[Data shown Boundary: Start]
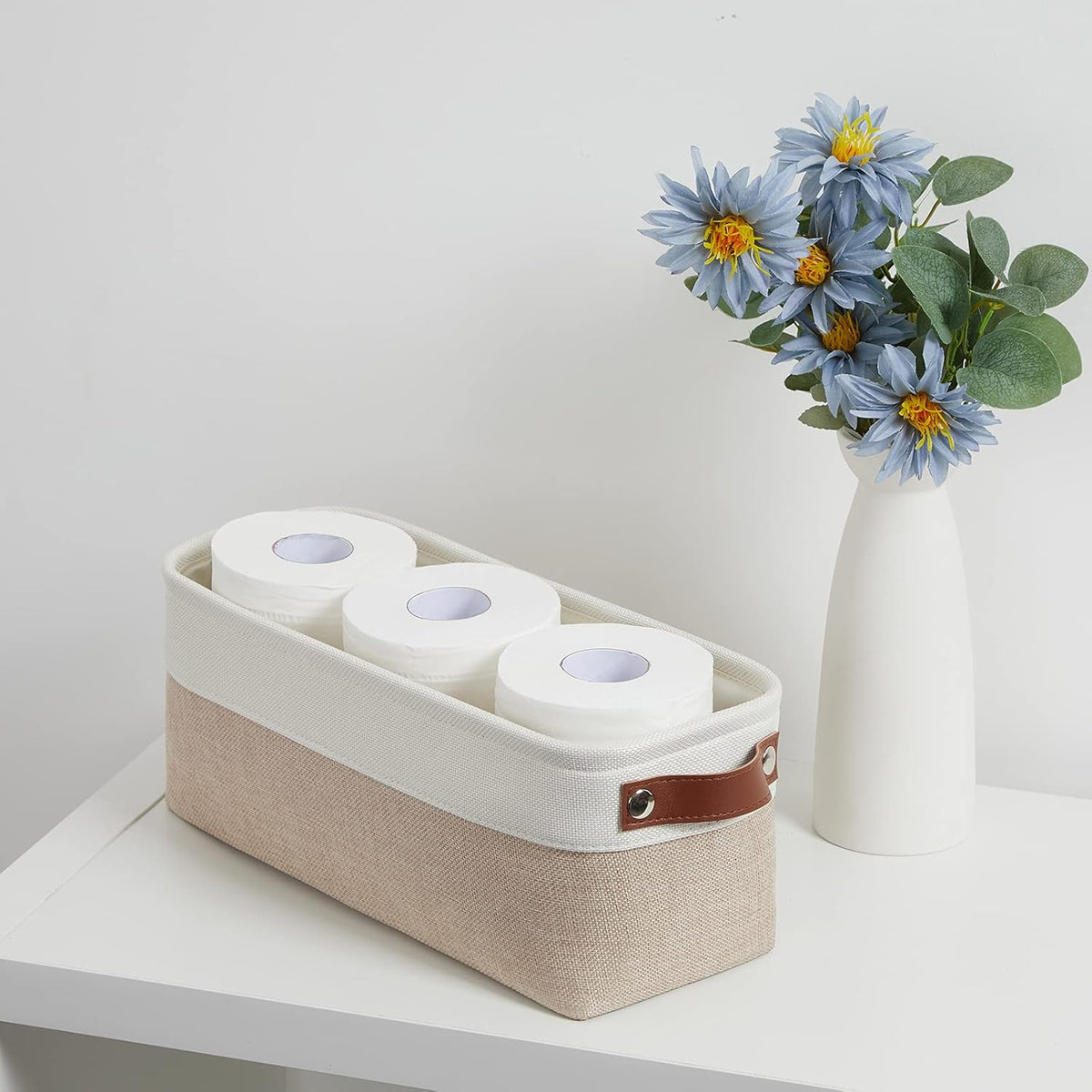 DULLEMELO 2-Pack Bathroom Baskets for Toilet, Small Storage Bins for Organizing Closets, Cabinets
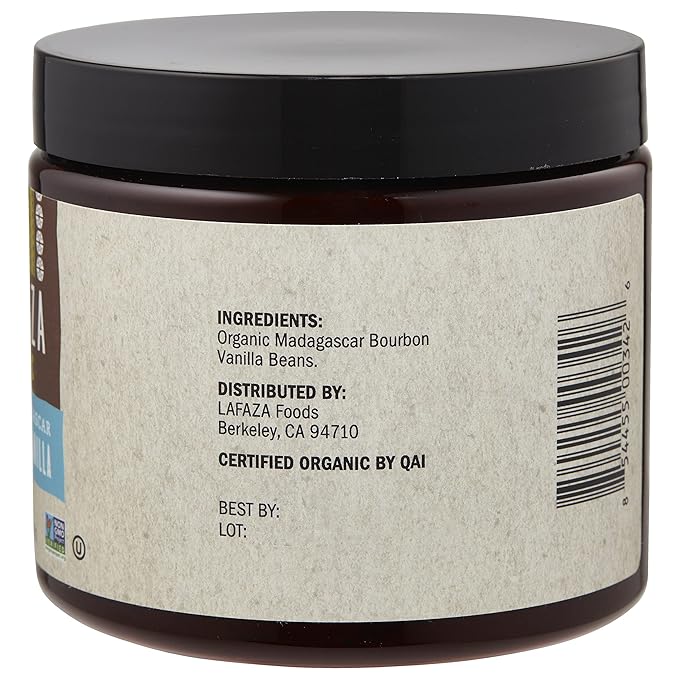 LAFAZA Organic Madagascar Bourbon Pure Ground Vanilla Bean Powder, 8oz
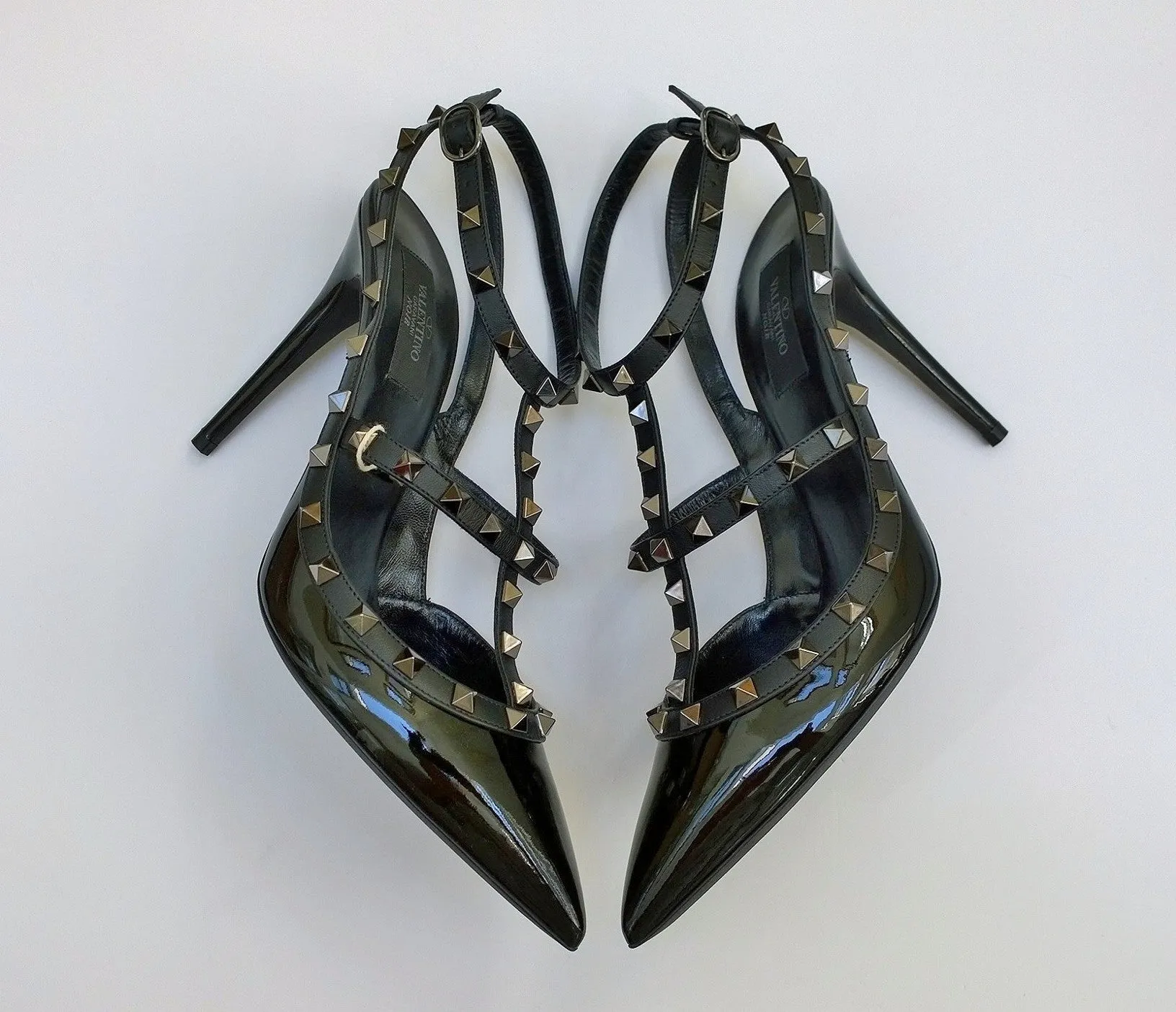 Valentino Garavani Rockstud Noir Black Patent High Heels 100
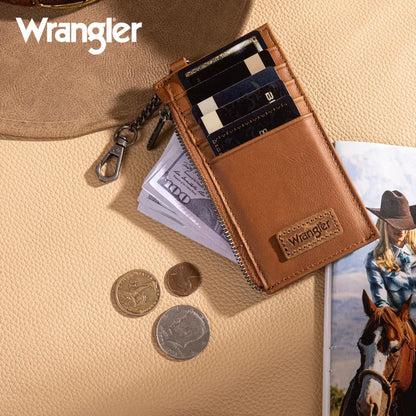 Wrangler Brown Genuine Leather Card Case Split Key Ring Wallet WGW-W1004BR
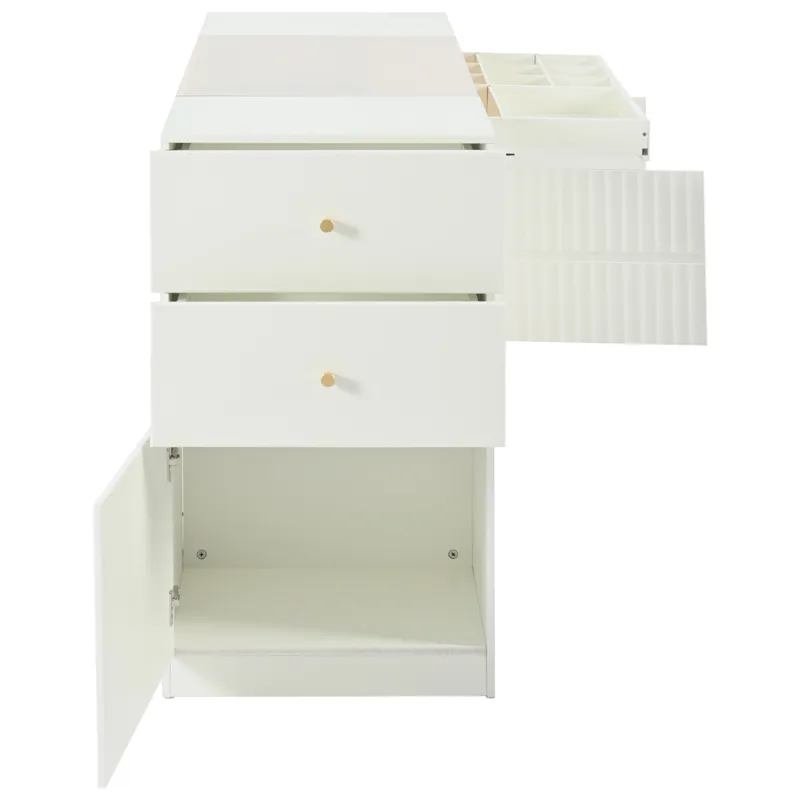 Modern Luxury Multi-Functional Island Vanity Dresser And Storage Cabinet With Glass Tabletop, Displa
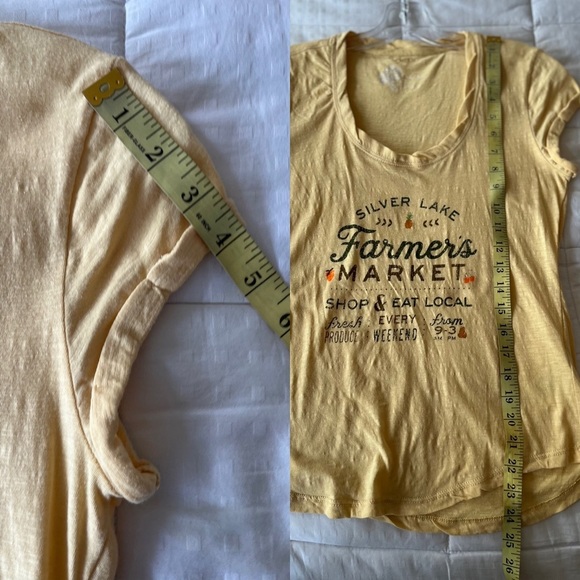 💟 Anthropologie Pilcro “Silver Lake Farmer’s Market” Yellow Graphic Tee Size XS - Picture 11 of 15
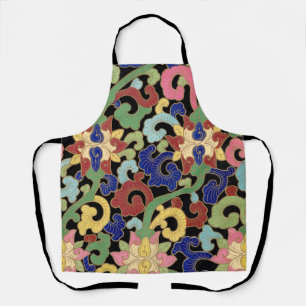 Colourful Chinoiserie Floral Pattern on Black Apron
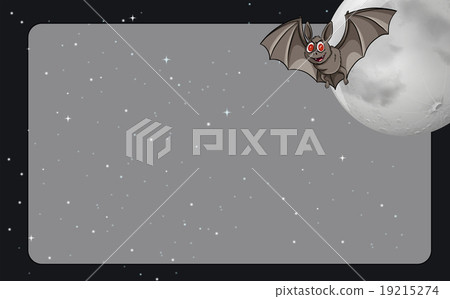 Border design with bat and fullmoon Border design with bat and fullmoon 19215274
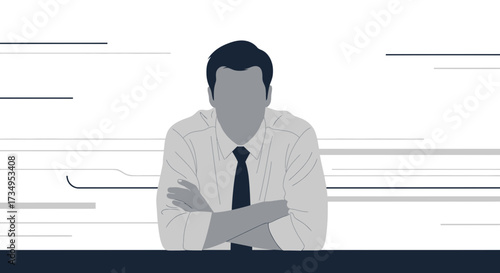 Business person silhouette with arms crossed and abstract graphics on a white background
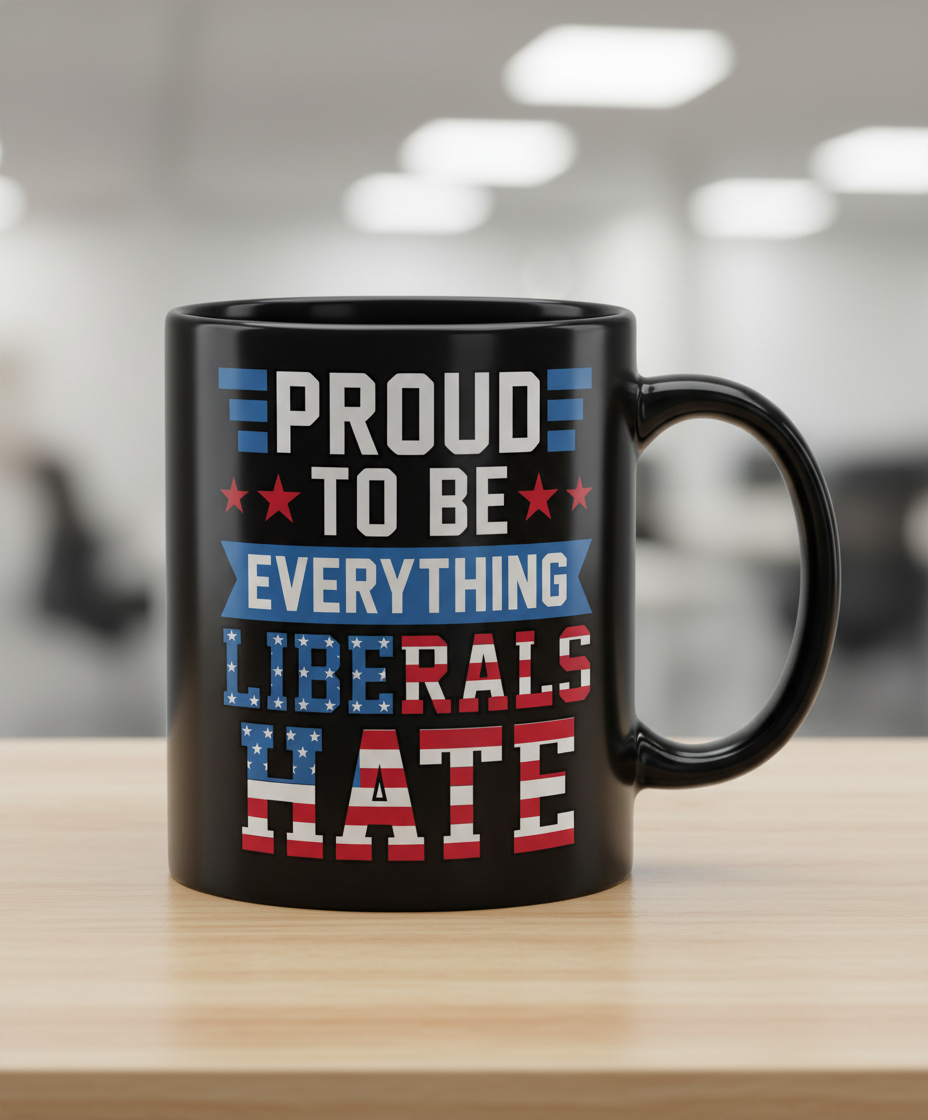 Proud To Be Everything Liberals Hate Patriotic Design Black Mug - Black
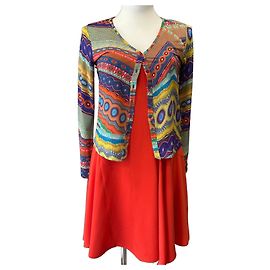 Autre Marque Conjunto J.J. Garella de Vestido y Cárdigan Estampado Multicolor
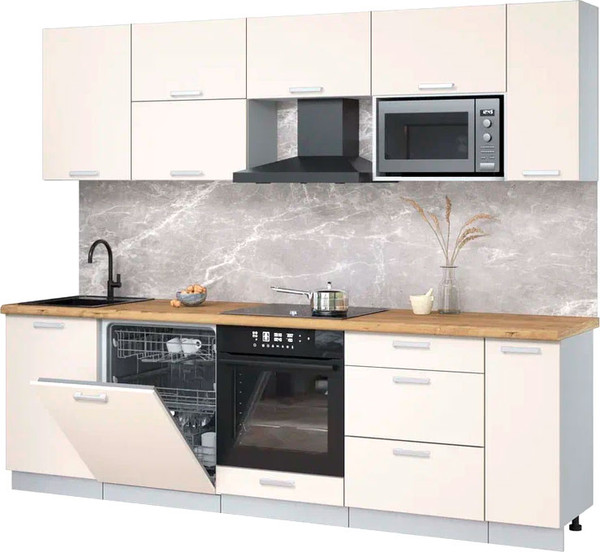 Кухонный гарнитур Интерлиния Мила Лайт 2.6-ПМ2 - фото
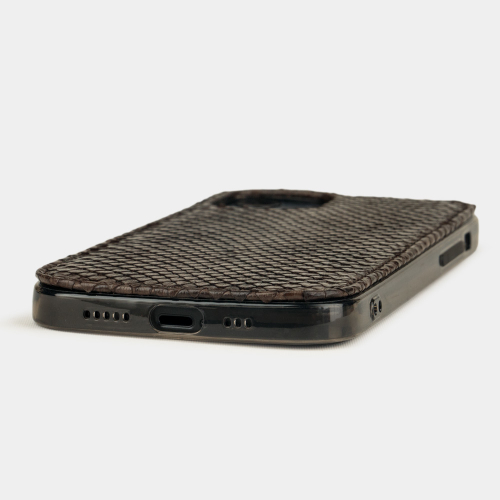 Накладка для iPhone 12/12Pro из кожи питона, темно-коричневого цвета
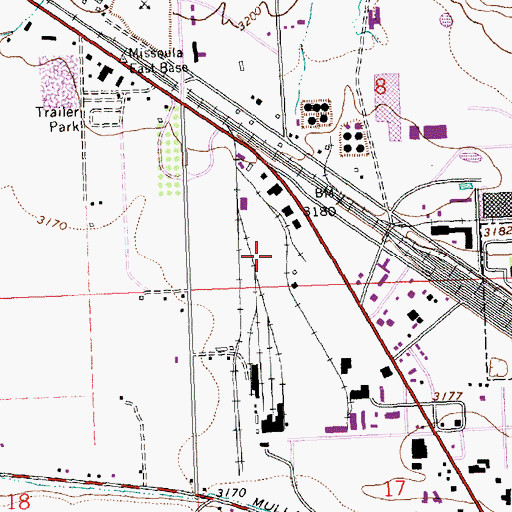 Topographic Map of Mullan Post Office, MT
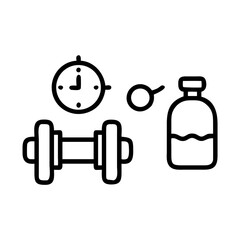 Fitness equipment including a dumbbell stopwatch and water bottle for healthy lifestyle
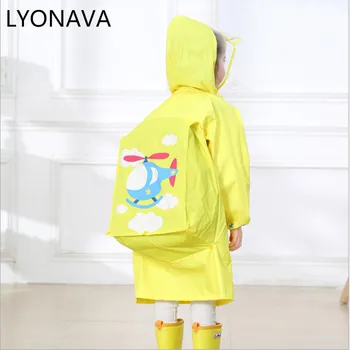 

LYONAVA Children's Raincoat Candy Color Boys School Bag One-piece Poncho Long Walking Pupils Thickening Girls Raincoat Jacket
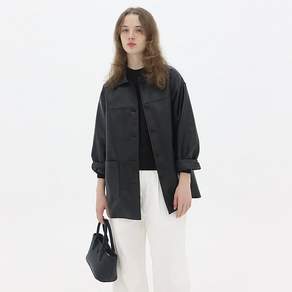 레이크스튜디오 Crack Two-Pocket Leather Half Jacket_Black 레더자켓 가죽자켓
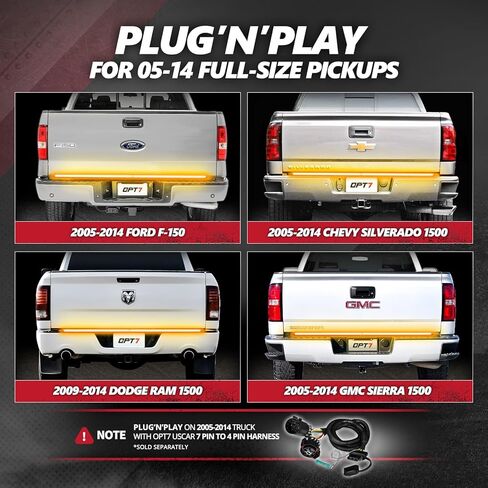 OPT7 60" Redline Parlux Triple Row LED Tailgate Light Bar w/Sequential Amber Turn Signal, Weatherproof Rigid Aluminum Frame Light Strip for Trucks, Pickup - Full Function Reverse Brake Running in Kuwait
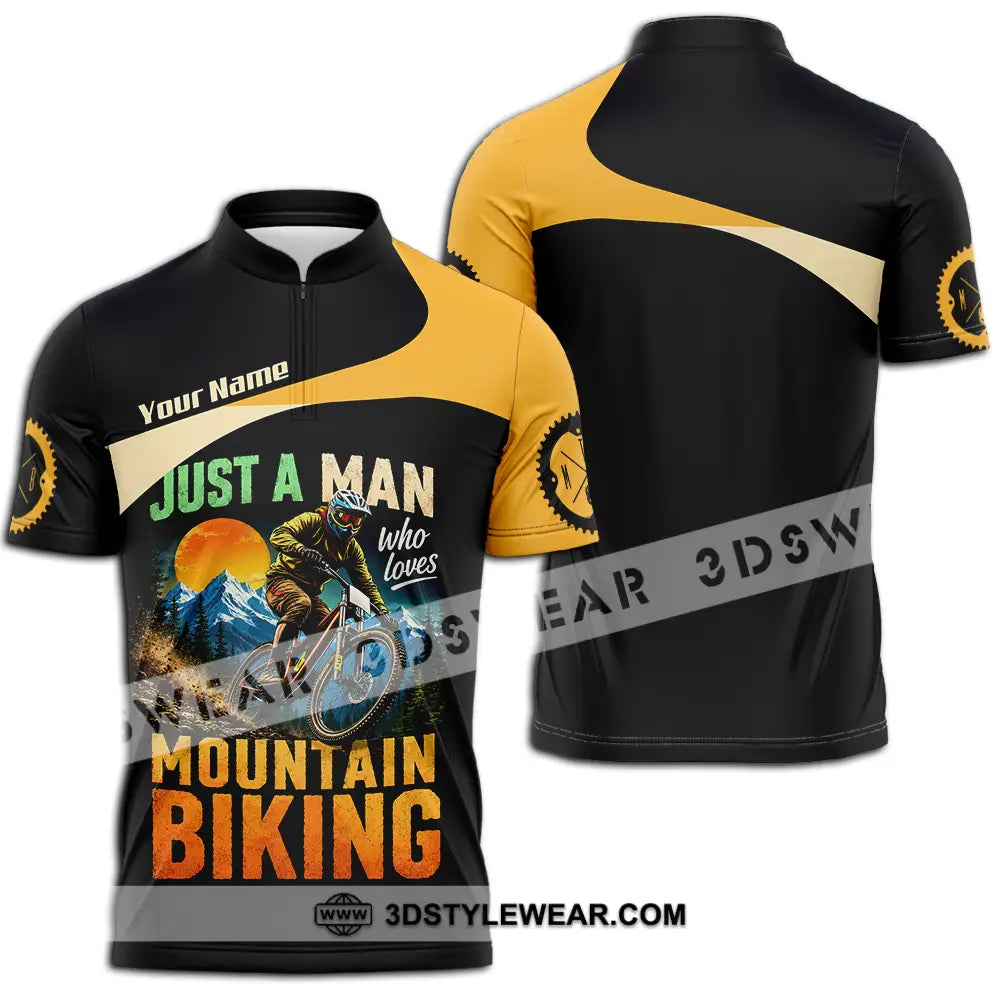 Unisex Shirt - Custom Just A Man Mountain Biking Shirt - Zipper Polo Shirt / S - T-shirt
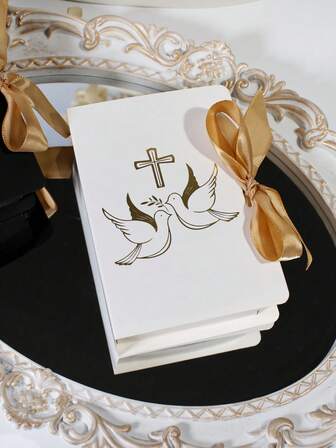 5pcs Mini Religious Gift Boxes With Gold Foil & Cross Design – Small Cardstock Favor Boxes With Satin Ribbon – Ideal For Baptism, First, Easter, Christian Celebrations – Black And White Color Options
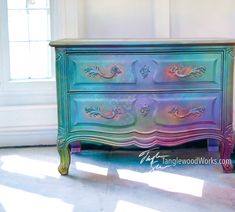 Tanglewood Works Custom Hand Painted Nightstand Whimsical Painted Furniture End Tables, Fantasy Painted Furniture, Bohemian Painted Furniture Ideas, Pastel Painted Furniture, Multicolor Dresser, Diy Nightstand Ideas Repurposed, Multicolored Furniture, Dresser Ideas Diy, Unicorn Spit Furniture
[Data shown Boundary: End]
### [Description of the task]
The entries above, without their pictures, should be written out exactly.

### [Expected answer]
 DULLEMELO 2-Pack Bathroom Baskets for Toilet, Small Storage Bins for Organizing Closets, Cabinets
 LAFAZA Organic Madagascar Bourbon Pure Ground Vanilla Bean Powder, 8oz
 Valentino Garavani Rockstud Noir Black Patent High Heels 100
 Wrangler Brown Genuine Leather Card Case Split Key Ring Wallet WGW-W1004BR
 Modern Luxury Multi-Functional Island Vanity Dresser And Storage Cabinet With Glass Tabletop, Displa
 💟 Anthropologie Pilcro “Silver Lake Farmer’s Market” Yellow Graphic Tee Size XS - Picture 11 of 15
 Colourful Chinoiserie Floral Pattern on Black Apron
 Border design with bat and fullmoon Border design with bat and fullmoon 19215274
 Business person silhouette with arms crossed and abstract graphics on a white background
 Proud To Be Everything Liberals Hate Patriotic Design Black Mug - Black
 Autre Marque Conjunto J.J. Garella de Vestido y Cárdigan Estampado Multicolor
 Кухонный гарнитур Интерлиния Мила Лайт 2.6-ПМ2 - фото
 Накладка для iPhone 12/12Pro из кожи питона, темно-коричневого цвета
 Topographic Map of Mullan Post Office, MT
 Fitness equipment including a dumbbell stopwatch and water bottle for healthy lifestyle

LYONAVA Children's Raincoat Candy Color Boys School Bag One-piece Poncho Long Walking Pupils Thickening Girls Raincoat Jacket
 레이크스튜디오 Crack Two-Pocket Leather Half Jacket_Black 레더자켓 가죽자켓
 OPT7 60" Redline Parlux Triple Row LED Tailgate Light Bar w/Sequential Amber Turn Signal, Weatherproof Rigid Aluminum Frame Light Strip for Trucks, Pickup - Full Function Reverse Brake Running in Kuwait
 Unisex Shirt - Custom Just A Man Mountain Biking Shirt - Zipper Polo Shirt / S - T-shirt
 5pcs Mini Religious Gift Boxes With Gold Foil & Cross Design – Small Cardstock Favor Boxes With Satin Ribbon – Ideal For Baptism, First, Easter, Christian Celebrations – Black And White Color Options
 Tanglewood Works Custom Hand Painted Nightstand Whimsical Painted Furniture End Tables, Fantasy Painted Furniture, Bohemian Painted Furniture Ideas, Pastel Painted Furniture, Multicolor Dresser, Diy Nightstand Ideas Repurposed, Multicolored Furniture, Dresser Ideas Diy, Unicorn Spit Furniture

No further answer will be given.